Après avoir assisté à la tentative de suicide de sa mère, la jeune Mimi est confiée à sa tante, en ménage avec un certain Jean-Pierre qui ne fait rien pour la mettre à l'aise. Ou plutôt, si...
Moyen-métrage de 52mn, La bouche de Jean-Pierre est loin d'être l'objet sulfureux que laisse supposer son titre. La présence de Lucile Hadzihalilovic et de Gaspar Noé au générique aurait également pu induire en erreur là où le film est d'une pudeur assez inouïe. Dans le portrait cafardeux qu'il tire de la France des années 90 déjà, où la froideur massive des tours en béton fait jeu égal avec une palette chromatique extrêmement tranchée, signifiant les choses bien plus qu'elle ne les explicite. Un travail visuel très marqué qui renforce paradoxalement le sentiment de réalisme qui imprègne La bouche de Jean-Pierre. Alors que les cartons qui ouvrent ("La France aujourd'hui") et ferment le film ("Moralité") tombent comme deux coups de massue, la mise en scène posée et réfléchie de Lucile Hadzihalilovic se contente de peu pour poser une atmosphère, soit un enchaînement de plans d'une clarté absolue où la banalité du quotidien laisse entrevoir de sacrées contradictions morales.

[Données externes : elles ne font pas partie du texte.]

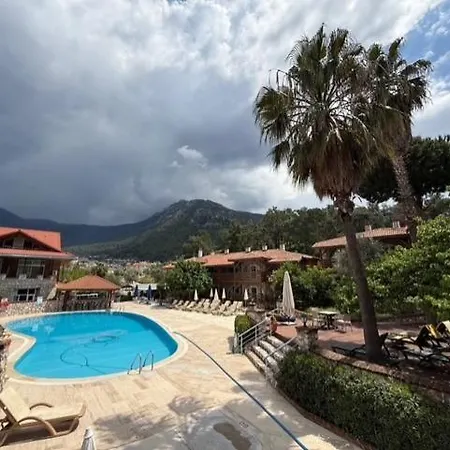 מלון Lycian Center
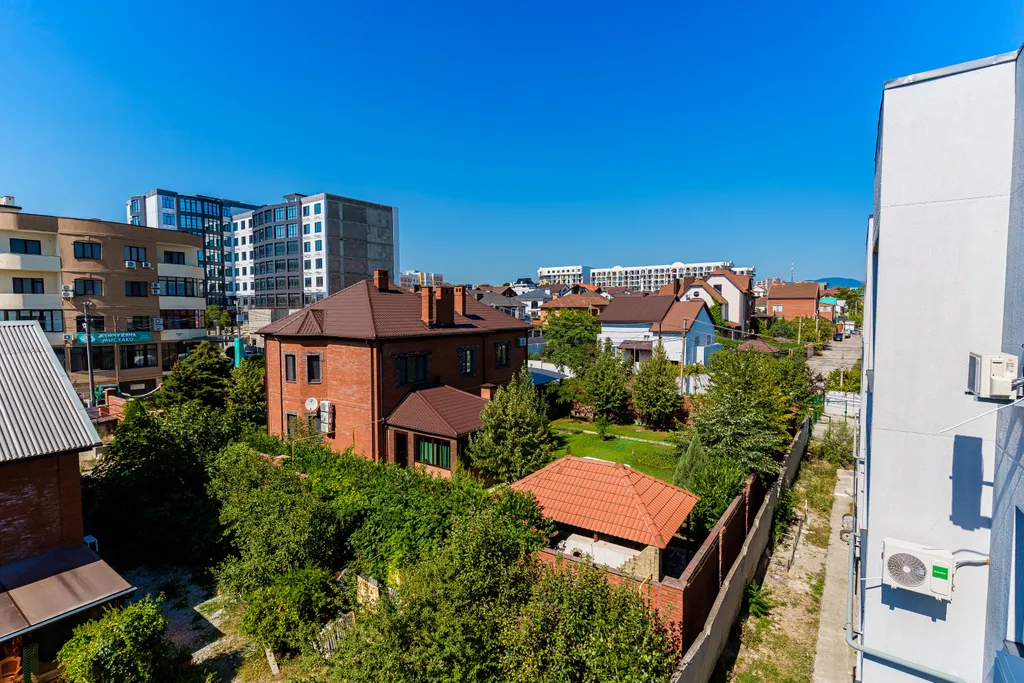 Светлая квартира рядом с морем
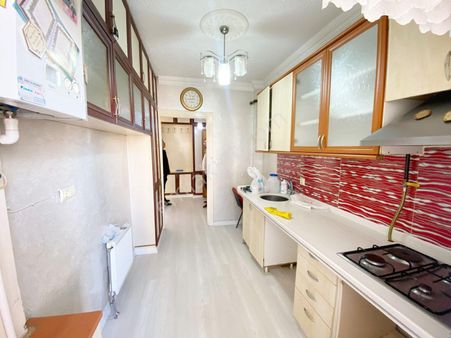 Beykent'te Keloğlan Parkına Yakın Ara Kat Bakımlı 2+1 Toki Daire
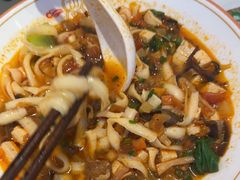 -初晋·山西地道刀削面.晋北莜面香(星耀城店)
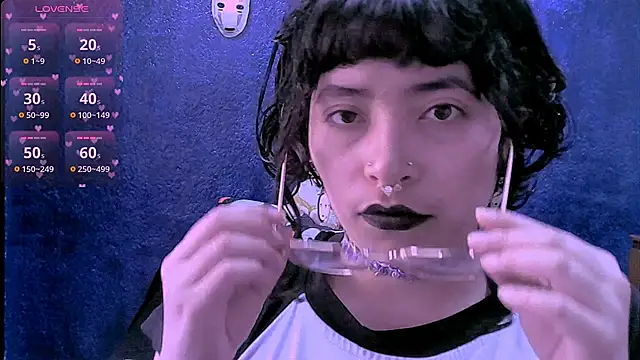 NinaYellow online show from 04-23-26, 01:24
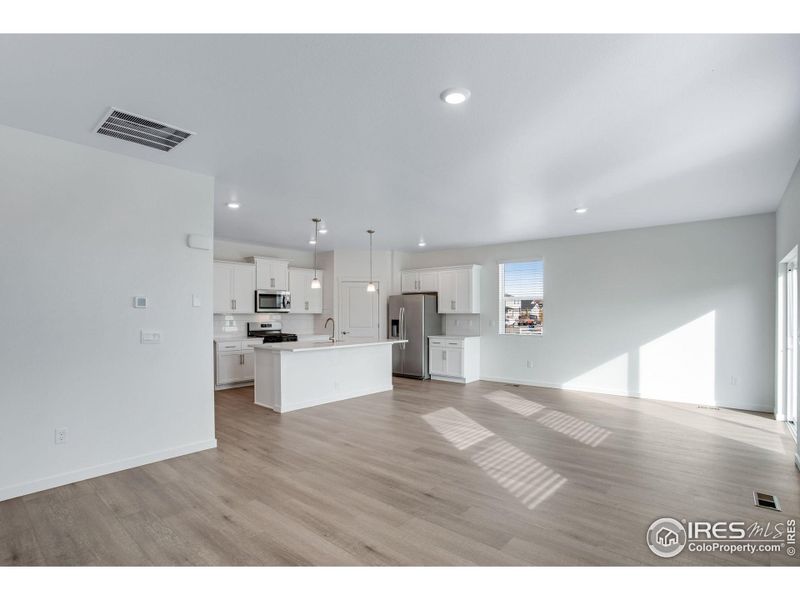 Spacious, unfurnished interior of a new home in Hansen Farm, Fort Collins (Image 16).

A ce titre, La Bouche de Jean-Pierre est un petit précis de mise en scène pour cinéastes en herbe : choix du format, précision des cadrages, gros plans intrusifs, place laissée au montage comme moyen d'exprimer une idée, une émotion, ou encore pour donner du sens à une situation donnée, rareté des dialogues au profit d'un malaise diffus... La finesse de la réalisation est à la hauteur du jeu des comédiens, jeu dont tout sourire semble d'ailleurs avoir été banni tant il ferait tâche dans ce microcosme écrasant. Somme de petit détails ramassés dans un récit minimal, La Bouche de Jean-Pierre est de ces films qui ne donnent pas envie de rire mais font clairement plaisir à voir. Rigoureux, maîtrisé, pas toujours accessible mais conscient et responsable, voilà un bel exemple de cinéma français qui en a.
Au passage, un grand bravo à l'éditeur Badlands pour leur excellente édition, techniquement irréprochable et bourrée de bonus passionnants.